Fayetteville
March 18, 2010All told, from Fayetteville to Fayetteville I drove 5,107.06 miles.
I’ll be honest, typing that number out isn’t as gratifying as I thought it would be. Maybe I was expecting to feel a sense of accomplishment? Some sort of recognition for crossing a finishing line?
Traveling, then writing about my trip has given my outlook an odd consistency. I’m a little ashamed to admit how self-involved I feel knowing that family, friends, strangers even, could be peering into my day-to-day. From that vantage point, every moment along the trip becomes viewed as a potential story, as if an adoring public expects to be entertained with tales from the road. It’s a slippery slope before little memories are given a melodramatic flair, I’m afraid.
So I guess I just wanted you to know I’m aware of that, of myself for being, shall we say, indulgent.
But there’s one more nugget of a moment I need to share. It’s the type of memory you don’t appreciate until you’re back home and left to reflect.

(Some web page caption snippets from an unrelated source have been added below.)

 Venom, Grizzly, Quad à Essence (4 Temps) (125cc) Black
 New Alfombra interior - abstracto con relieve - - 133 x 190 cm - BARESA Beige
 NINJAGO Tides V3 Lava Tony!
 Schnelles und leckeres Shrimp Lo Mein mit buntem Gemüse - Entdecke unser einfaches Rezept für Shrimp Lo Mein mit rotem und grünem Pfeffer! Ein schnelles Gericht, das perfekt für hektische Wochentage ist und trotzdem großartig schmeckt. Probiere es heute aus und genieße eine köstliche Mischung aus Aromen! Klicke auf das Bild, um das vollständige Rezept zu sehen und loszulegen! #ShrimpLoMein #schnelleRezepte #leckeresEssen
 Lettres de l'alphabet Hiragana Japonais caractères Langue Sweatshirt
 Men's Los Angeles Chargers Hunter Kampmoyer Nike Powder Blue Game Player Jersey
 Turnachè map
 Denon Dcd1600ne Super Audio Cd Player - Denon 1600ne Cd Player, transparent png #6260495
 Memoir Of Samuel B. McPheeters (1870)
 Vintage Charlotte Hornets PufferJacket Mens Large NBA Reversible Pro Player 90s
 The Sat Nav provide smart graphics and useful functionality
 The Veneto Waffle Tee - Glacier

Remember my newly-found friend Alex who I met in Phoenix? He spoke English well, but there were a few phrases he’d muddle. ”I want to invite you to a beer,” he said, right before paying for the $9 Bud Lite at the Phoenix Suns game.

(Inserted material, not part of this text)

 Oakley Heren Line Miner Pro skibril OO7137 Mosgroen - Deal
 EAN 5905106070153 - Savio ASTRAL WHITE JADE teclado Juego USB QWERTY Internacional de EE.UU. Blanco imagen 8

On the way back to the hostel for the night (it feels so long ago now) he asked,”So where is your next destiny?”
I knew what he meant and answered I’d be off to Tucson and then to Austin.
But now I’m home, and the question seems more prophetic, especially because I don’t know the answer. For more than a month, I carefully planned the places I wanted to visit, one town after the other. I consulted travel guides and, never having gained the habit of saving my entries on Google Maps, I must have calculated my trips about a thousand times. Now, without the constancy of being on the move, I feel both boxed in and aimless.

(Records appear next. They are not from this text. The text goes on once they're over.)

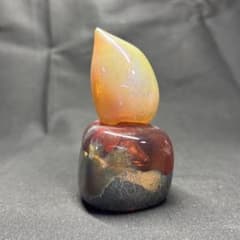 ガラス作家　山内優子作　ガラスキャンドル　オブジェ ガラス作家 山内優子作 ガラスキャンドル オブジェ - メルカリ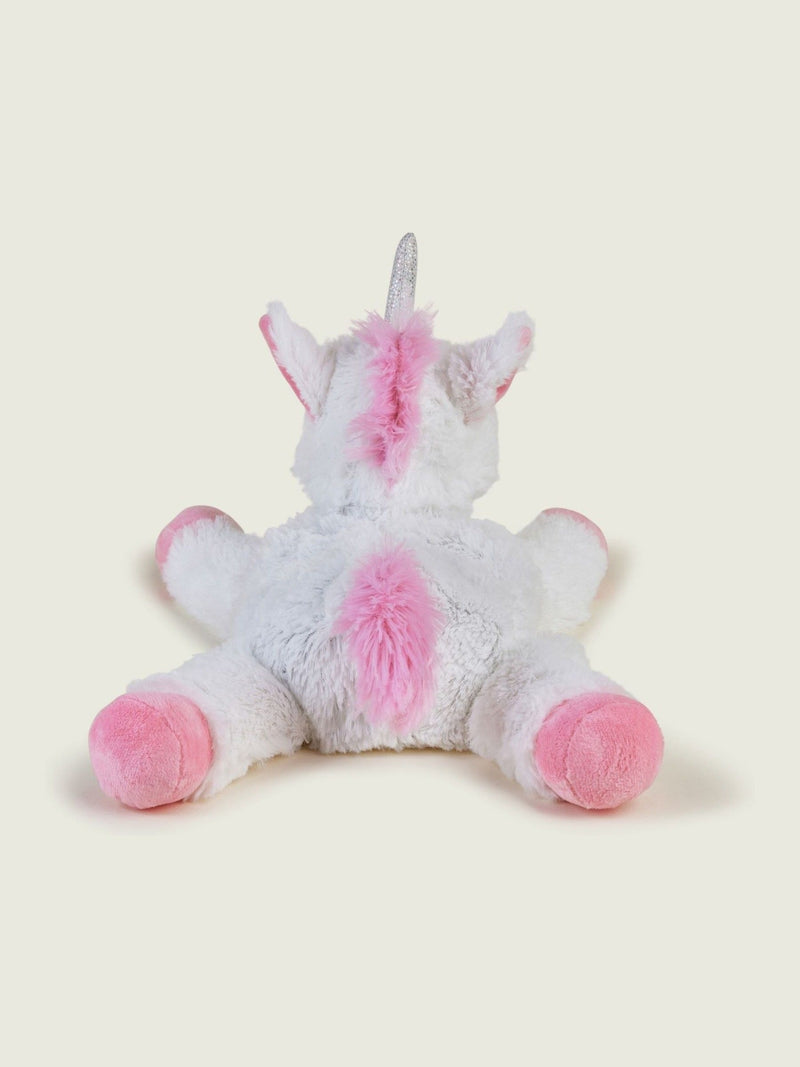 Warmies white large laying unicorn heatable soft toy, UK version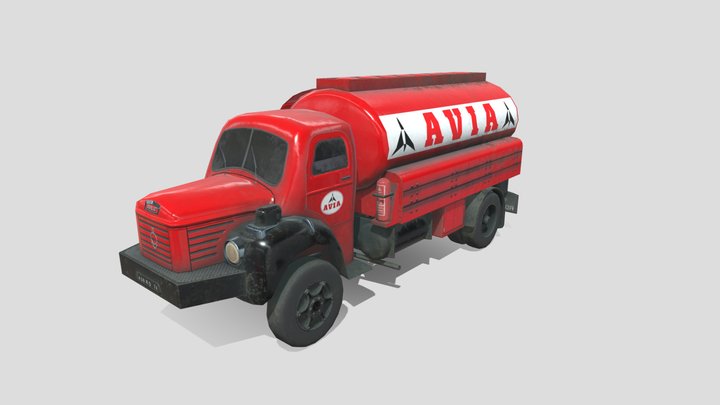 Berliet Citerne 3D Model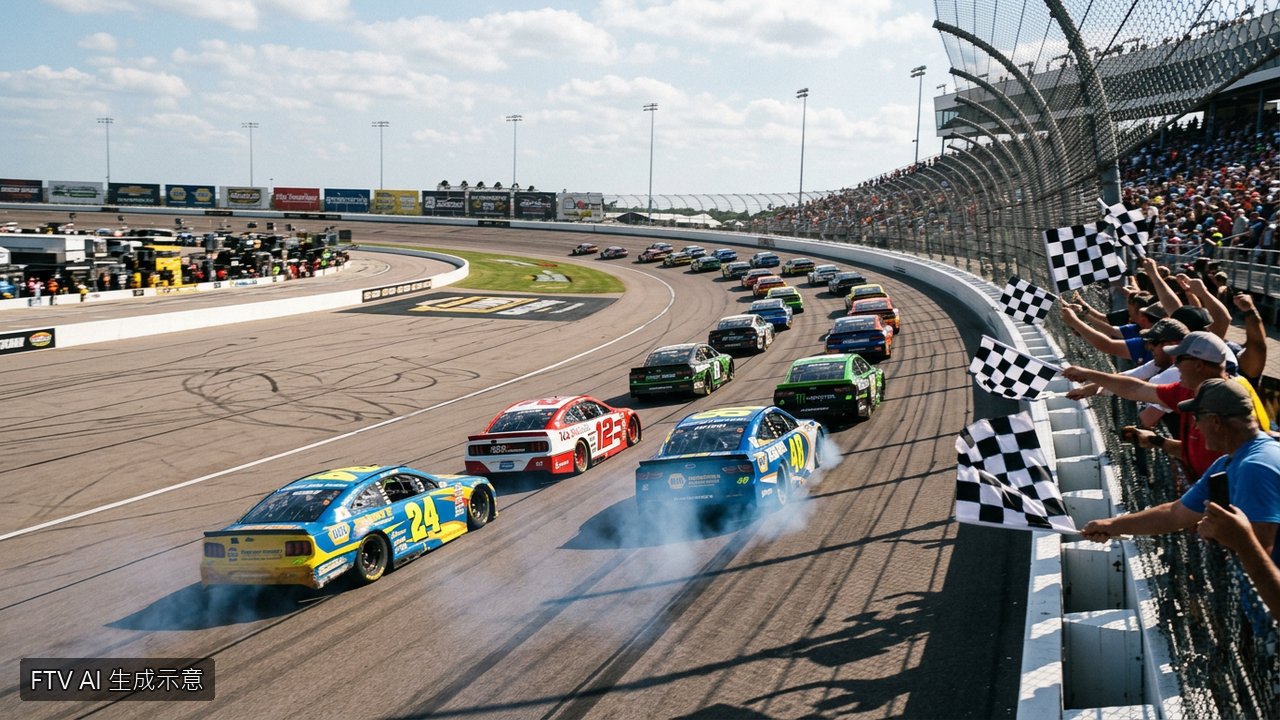 NASCAR堪薩斯站逆轉奪冠 Kyle Larson擴大積分領先優勢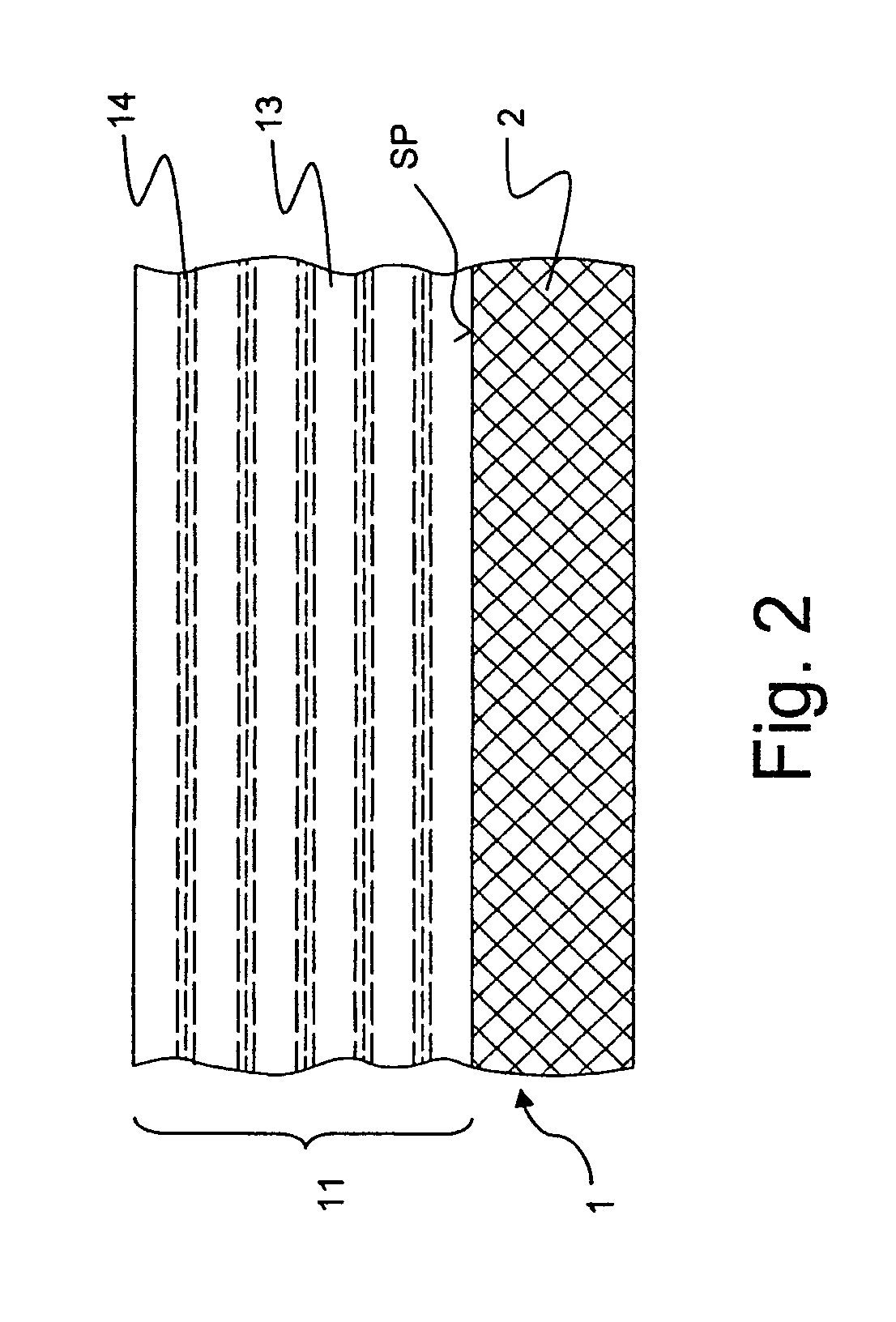 HTS coated conductor with particle inclusions, and method of production of an HTS coated conductor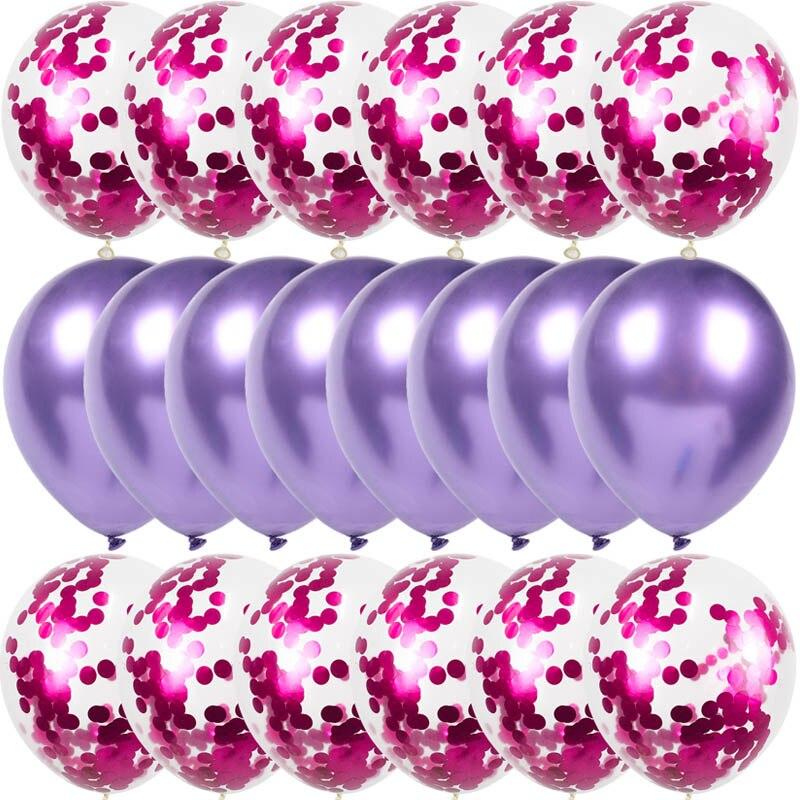 20 confetti latex balloons, view 10 - MRSLM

My next destiny? In a few months, I’ll be packing up my little apartment in Fayetteville and will stay in Little Rock for the summer. I’ll truck off to grad school this August and start over in Washington, DC. I’ll study hard, but in true melodramatic fashion, I’ll long for the carefree days I spent out West.
None of those responses answer the question, though.
Of course, the only sensible thing to do, I think, is to set the odometer back to zero and go from there.